Per la prima volta coinvolto anche il territorio delle Dolomiti, dove è stato individuato come partner il Comune di Cortina, in vista anche della prossima accoglienza delle Paralimpiadi.
Alla presentazione, moderata dal direttore dei servizi socio sanitari dell’Ulss Dolomiti Giampaolo Pecere, sono intervenuti il sindaco di Cortina Gianluca Lorenzi, Giuseppe Casagrande (primo cittadino di Pieve di Cadore) in rappresentanza della Conferenza dei Sindaci, Danilo De Toni a nome della Provincia di Belluno. Hanno fatto arrivare il loro saluto, impossibilitati ad intervenire, il presidente della Regione Veneto Luca Zaia e l’assessore al sociale Manuela Lanzarin.
Il progetto, presentato dal direttore della disabilità dell’Ulss Dolomiti Milena Guglielminetti, prevede che alcune persone, selezionate dai servizi per l’integrazione lavorativa delle ulss del Veneto, potranno vivere un’esperienza di tirocinio lavorativo all’interno di strutture ricettive. I tirocini si svolgeranno a marzo e giugno 2023, dando modo di sperimentare sia la stagione invernale che la stagione estiva.
Numerose le strutture che hanno aderito e dove i ragazzi potranno essere impiegati in cucina e sala, piccole manutenzioni di interni ed esterni, reception: Hotel des Alpes, Hotel Mirage, Faloria Mountain spa resort, Hotel Trieste, Park Hotel Victoria Mythos, Ca’Mina suite & spa.

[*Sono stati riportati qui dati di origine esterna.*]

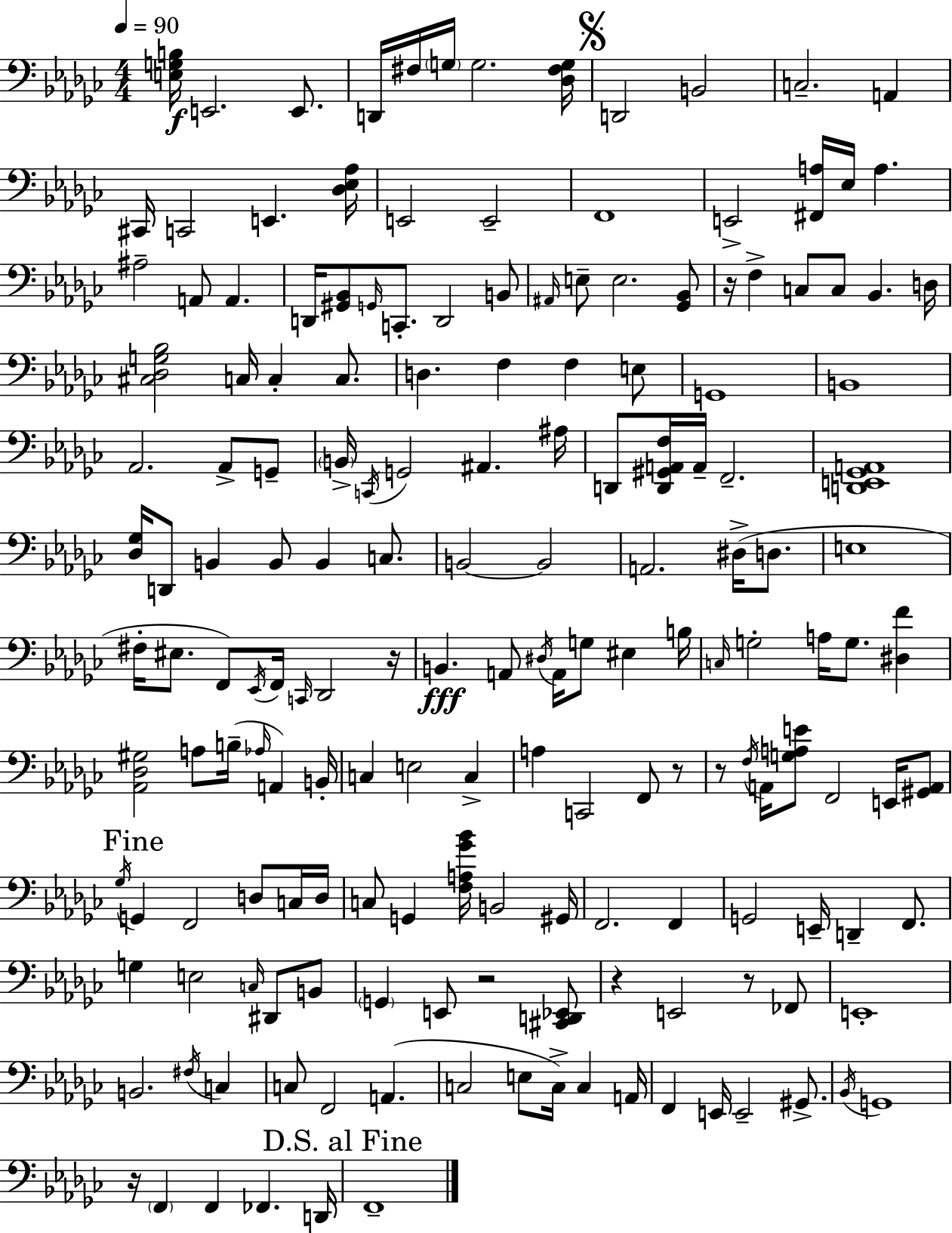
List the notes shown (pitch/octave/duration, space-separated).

Come ha sottolineato il presidente di Federalberghi Stefano Pirro, questa è una occasione anche di formazione per gli operatori turistici per un nuovo approccio inclusivo che sappia accogliere e far star bene qualsiasi tipo di persona.
Un valore aggiunto è rappresentato dalla possibilità di vivere un’esperienza di autonomia abitativa in una struttura messa a disposizione dal Comune di Cortina, supportati da un operatore per la gestione dei momenti extra lavorativi.
Nel tempo libero saranno proposte alcune attività sportive e ricreative, a cura di associazioni locali, per favorire l’inclusività, declinate ieri mattina dall’assessore del comune di Cortina Monica De Mattia, che con il suo staff e le associazioni del territorio sta lavorando al progetto.
Ricco il calendario delle proposte: hockey, curling, sci, pranzo in quota, laboratorio con chef, discesa in motoslitta per il periodo invernale; salite alle Cinque Torri sui percorsi della grande guerra, incontro top runner alla Lavaredo Ultratrail e alla Cortina Dobbiaco, arrampicata, escursioni al Parco delle Dolomiti d’Ampezzo, giornata alla palestra di Fiames con atleti paralimpici, come raccontato da Orlando Maruggi.
Sempre nell’ambito del progetto, sono state acquistate delle attrezzature che favoriscono l’accessibilità: due carrozzine e un monosci che, una volta concluso il progetto, resteranno nella disponibilità del Comune di Cortina per i turisti con disabilità o mobilità ridotta.
Toccante la testimonianza di Davide Giozet, presidente di Assi sport, che ha raccontato l’emozione di viere la montagna come faceva da bambino. La montagna è di tutti, nel rispetto della natura. Contagioso l’entusiasmo di Gioele Penoni, giovane dell’Alpago che ha svolto quest’estate un’esperienza di tirocinio inclusivo al villaggio San Paolo al Cavallino. In poche settimane è diventato un pizzaiolo provetto.